▶ _Work instructions_
Below are several records. Retype exactly those lines running from the one with "滨湖苑小区二手房实景图" through the one with "走,在哪,在哪里,在哪儿):舟山市普陀区沈家门街道双阳路十王禅寺电话", end lines included, and no others.

▶ _Data for review_
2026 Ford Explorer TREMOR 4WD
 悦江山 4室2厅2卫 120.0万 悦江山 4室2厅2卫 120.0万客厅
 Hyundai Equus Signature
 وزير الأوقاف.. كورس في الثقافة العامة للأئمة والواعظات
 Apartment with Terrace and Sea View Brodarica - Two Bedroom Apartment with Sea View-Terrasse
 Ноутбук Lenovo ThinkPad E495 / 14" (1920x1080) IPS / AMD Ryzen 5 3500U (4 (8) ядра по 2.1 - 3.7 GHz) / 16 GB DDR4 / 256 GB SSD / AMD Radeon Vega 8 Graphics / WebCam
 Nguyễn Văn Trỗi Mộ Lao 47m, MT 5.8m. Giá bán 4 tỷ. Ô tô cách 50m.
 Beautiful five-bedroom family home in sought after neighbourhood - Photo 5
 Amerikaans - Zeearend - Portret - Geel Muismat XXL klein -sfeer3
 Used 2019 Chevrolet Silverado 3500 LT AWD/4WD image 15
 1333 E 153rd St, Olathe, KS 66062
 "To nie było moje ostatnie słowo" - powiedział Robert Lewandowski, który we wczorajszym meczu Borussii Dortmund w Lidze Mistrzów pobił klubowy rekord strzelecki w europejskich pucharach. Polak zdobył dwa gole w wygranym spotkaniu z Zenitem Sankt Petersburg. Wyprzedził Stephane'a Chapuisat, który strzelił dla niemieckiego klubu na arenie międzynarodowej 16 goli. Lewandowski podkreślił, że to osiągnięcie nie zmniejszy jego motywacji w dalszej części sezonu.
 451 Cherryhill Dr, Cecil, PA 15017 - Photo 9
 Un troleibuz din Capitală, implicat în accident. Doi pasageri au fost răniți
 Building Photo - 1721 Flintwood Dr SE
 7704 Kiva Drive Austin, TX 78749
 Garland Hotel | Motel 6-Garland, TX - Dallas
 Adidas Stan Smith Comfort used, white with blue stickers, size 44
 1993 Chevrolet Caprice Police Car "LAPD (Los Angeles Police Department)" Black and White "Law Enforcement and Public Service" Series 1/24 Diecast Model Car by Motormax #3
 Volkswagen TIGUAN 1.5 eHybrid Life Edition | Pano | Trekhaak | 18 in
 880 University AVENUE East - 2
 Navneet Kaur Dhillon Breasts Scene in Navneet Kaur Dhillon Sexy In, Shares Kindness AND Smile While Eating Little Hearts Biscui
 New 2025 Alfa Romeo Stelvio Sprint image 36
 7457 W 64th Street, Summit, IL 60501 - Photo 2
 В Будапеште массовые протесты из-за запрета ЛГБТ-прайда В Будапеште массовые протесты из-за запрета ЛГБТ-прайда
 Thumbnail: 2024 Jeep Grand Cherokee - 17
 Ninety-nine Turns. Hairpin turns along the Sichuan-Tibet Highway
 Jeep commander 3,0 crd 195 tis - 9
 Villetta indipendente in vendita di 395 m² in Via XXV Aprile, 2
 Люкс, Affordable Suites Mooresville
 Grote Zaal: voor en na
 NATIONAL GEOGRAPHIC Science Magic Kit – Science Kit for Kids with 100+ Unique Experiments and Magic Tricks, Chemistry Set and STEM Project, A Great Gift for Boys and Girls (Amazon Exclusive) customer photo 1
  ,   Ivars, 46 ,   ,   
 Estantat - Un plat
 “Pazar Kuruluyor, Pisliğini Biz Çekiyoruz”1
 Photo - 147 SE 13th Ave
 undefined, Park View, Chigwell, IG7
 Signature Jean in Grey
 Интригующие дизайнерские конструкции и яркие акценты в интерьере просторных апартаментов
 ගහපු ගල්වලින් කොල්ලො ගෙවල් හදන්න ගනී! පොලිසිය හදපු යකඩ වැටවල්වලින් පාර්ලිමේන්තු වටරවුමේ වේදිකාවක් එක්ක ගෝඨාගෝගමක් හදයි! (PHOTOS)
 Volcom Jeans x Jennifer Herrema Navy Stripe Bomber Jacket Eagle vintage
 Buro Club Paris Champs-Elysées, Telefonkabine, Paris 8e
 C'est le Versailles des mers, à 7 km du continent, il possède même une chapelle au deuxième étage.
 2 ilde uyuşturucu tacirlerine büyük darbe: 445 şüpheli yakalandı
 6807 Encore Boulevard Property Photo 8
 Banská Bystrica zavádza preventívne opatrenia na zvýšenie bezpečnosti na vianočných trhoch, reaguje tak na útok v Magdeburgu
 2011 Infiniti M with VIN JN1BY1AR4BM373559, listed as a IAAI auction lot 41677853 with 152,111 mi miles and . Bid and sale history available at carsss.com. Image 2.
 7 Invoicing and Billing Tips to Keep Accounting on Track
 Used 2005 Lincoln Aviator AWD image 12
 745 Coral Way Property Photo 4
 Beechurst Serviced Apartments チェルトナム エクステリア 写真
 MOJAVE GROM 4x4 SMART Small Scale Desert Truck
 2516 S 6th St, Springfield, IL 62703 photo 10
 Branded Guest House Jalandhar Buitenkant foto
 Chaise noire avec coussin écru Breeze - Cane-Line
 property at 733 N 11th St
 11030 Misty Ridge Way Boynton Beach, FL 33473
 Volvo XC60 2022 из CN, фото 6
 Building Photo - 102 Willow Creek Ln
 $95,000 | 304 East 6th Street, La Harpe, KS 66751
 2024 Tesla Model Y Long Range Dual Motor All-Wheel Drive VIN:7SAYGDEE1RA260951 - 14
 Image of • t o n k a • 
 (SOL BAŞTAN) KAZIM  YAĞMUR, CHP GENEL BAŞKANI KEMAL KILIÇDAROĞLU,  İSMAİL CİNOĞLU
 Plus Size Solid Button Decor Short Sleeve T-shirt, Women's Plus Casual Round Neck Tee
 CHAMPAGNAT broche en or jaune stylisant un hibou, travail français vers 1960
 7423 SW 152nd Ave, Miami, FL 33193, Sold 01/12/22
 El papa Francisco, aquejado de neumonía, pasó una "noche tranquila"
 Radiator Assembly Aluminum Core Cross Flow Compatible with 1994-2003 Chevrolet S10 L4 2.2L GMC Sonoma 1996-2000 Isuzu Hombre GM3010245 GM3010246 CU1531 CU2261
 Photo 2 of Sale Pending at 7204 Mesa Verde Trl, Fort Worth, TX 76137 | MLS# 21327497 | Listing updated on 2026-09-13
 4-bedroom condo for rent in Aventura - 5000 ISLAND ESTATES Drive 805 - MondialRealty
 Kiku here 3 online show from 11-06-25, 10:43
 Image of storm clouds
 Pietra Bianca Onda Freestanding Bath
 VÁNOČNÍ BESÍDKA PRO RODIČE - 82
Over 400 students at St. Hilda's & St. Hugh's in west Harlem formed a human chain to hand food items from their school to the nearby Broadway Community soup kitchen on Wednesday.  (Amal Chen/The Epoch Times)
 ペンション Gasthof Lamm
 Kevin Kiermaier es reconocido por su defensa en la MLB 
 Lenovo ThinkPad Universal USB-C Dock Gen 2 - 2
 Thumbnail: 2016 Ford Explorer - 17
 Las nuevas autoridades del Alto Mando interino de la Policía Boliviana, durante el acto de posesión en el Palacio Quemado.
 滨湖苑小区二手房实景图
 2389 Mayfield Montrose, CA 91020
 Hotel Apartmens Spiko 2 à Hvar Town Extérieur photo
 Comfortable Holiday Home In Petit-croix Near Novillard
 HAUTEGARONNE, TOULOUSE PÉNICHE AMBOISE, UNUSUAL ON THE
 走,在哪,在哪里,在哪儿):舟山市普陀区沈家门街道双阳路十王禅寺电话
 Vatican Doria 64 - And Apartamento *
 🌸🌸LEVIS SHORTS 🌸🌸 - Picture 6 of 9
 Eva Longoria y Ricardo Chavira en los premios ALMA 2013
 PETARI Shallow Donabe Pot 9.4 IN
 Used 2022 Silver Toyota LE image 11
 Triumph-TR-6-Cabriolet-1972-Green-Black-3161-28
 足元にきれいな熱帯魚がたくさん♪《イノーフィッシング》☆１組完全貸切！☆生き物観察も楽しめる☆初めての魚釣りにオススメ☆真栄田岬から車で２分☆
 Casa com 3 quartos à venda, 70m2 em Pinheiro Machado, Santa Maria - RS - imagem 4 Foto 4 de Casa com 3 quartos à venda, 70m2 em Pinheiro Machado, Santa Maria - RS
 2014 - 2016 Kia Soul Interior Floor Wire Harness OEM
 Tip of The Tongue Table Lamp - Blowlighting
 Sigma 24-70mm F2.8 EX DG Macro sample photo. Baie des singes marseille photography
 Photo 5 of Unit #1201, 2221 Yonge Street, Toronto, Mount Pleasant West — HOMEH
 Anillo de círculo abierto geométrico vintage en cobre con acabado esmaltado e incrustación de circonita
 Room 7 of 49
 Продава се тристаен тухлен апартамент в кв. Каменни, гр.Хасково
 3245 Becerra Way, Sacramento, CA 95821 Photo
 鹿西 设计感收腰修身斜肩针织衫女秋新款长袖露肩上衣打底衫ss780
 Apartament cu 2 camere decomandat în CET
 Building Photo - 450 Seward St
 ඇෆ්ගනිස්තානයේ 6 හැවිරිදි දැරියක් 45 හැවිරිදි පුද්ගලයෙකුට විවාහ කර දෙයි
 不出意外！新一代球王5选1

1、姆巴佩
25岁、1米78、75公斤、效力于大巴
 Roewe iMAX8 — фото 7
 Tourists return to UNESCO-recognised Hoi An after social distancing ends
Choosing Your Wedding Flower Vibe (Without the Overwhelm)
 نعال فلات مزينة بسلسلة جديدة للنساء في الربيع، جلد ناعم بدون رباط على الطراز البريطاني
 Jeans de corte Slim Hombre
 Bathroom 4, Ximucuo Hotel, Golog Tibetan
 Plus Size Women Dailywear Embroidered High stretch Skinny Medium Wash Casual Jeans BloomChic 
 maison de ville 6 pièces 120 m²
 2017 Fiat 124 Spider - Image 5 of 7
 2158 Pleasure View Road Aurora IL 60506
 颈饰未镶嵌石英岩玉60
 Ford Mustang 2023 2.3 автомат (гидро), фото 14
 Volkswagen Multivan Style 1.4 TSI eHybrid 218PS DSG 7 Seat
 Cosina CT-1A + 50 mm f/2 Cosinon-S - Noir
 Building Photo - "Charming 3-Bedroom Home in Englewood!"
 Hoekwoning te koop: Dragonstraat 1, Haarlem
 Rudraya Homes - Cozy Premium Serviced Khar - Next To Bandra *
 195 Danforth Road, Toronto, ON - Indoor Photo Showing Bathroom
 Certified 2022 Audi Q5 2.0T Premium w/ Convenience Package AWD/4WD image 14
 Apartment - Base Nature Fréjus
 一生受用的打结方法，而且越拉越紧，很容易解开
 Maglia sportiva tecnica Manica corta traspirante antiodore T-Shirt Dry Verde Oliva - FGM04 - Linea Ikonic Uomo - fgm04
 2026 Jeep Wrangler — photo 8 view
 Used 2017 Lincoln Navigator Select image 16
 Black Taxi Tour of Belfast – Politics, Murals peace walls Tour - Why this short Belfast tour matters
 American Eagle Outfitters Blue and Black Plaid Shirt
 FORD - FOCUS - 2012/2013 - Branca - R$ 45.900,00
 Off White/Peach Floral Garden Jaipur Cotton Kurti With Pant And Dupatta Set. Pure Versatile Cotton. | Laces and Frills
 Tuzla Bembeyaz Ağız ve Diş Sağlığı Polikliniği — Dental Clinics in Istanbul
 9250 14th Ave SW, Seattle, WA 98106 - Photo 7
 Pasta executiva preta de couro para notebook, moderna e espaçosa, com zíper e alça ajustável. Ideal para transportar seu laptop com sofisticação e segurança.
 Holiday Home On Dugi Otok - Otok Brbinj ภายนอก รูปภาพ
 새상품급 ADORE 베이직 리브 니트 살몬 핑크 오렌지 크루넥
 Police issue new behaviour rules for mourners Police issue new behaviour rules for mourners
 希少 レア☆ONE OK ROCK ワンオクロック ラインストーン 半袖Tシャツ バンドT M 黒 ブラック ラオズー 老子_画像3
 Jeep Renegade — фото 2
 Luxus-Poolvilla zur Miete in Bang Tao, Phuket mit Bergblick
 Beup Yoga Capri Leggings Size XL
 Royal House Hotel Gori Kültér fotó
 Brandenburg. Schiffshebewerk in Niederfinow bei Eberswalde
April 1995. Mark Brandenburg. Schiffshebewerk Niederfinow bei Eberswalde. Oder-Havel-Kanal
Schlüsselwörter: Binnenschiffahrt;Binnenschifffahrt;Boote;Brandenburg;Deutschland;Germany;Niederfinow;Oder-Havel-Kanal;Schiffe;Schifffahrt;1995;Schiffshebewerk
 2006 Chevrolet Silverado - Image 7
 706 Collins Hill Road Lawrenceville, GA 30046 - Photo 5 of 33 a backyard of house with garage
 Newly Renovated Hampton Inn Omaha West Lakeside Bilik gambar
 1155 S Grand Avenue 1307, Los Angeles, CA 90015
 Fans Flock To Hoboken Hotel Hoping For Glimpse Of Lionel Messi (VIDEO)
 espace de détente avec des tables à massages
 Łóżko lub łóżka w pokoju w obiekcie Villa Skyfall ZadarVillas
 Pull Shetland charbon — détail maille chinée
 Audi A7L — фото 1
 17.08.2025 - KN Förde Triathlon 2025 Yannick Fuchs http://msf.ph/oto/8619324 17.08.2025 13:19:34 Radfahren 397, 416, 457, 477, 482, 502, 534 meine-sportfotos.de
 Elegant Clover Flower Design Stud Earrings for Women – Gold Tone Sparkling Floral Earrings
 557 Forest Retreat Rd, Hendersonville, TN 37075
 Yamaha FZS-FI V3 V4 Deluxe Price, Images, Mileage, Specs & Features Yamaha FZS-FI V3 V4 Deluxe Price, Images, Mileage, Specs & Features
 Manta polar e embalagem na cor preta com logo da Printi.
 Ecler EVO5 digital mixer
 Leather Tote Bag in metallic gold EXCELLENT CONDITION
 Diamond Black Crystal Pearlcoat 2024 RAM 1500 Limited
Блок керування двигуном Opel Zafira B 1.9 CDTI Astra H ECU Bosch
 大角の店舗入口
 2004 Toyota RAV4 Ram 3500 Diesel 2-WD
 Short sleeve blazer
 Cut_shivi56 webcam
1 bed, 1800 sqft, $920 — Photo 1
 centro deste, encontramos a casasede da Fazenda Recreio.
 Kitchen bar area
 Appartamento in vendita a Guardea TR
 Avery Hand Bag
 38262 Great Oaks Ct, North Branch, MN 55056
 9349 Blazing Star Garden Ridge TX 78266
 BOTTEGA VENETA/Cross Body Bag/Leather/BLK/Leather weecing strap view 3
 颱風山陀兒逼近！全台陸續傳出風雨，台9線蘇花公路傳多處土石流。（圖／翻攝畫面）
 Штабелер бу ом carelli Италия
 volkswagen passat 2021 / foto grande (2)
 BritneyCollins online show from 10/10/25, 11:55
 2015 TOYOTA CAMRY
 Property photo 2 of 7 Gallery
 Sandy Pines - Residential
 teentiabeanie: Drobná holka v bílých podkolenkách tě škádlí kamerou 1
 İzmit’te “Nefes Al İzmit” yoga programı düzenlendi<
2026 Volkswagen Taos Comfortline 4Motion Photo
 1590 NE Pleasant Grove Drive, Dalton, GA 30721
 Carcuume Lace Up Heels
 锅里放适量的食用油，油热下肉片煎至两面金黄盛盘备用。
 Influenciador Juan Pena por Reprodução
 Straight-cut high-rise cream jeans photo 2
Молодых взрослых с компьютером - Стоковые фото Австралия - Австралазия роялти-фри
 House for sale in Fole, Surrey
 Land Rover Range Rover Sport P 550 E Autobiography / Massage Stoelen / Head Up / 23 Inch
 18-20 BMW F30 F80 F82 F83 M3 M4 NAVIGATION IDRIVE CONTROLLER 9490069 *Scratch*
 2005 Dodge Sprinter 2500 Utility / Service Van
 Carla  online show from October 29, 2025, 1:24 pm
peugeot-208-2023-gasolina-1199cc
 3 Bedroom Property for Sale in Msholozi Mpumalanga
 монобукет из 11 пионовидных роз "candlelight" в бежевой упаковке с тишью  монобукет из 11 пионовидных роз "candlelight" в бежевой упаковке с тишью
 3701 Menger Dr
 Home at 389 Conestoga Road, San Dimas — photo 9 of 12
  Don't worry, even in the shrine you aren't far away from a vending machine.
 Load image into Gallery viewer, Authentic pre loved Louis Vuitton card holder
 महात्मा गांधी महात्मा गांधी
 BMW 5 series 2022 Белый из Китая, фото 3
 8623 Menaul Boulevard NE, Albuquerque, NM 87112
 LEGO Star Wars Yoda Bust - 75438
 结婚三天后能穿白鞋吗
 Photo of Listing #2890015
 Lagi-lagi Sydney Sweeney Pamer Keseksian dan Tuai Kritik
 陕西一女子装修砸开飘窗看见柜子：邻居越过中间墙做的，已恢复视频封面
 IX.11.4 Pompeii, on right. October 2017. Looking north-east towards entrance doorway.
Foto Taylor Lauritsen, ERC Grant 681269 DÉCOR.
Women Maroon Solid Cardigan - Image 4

▶ _Answer section_
 滨湖苑小区二手房实景图
 2389 Mayfield Montrose, CA 91020
 Hotel Apartmens Spiko 2 à Hvar Town Extérieur photo
 Comfortable Holiday Home In Petit-croix Near Novillard
 HAUTEGARONNE, TOULOUSE PÉNICHE AMBOISE, UNUSUAL ON THE
 走,在哪,在哪里,在哪儿):舟山市普陀区沈家门街道双阳路十王禅寺电话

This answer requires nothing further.